Supplied data:

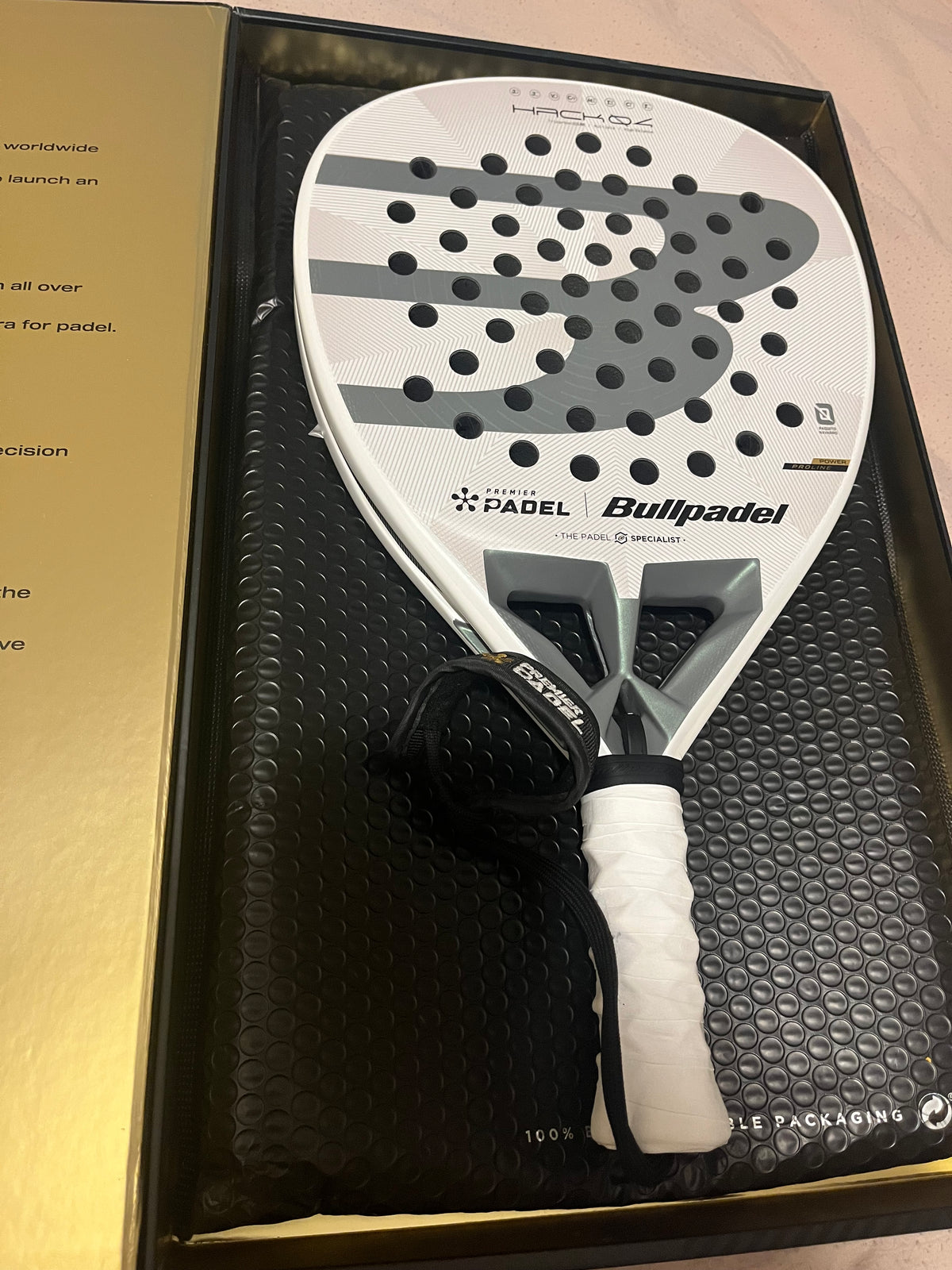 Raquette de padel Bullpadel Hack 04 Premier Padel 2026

...

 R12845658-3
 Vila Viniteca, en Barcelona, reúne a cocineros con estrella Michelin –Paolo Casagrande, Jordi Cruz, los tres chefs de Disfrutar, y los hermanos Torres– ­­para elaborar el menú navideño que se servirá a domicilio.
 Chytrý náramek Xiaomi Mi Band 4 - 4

What you need to do:
From the records above, copy out the line with "R12845658-3", the line with "Chytrý náramek Xiaomi Mi Band 4 - 4", and every line between them, word for word.

Exercise response:
 R12845658-3
 Vila Viniteca, en Barcelona, reúne a cocineros con estrella Michelin –Paolo Casagrande, Jordi Cruz, los tres chefs de Disfrutar, y los hermanos Torres– ­­para elaborar el menú navideño que se servirá a domicilio.
 Chytrý náramek Xiaomi Mi Band 4 - 4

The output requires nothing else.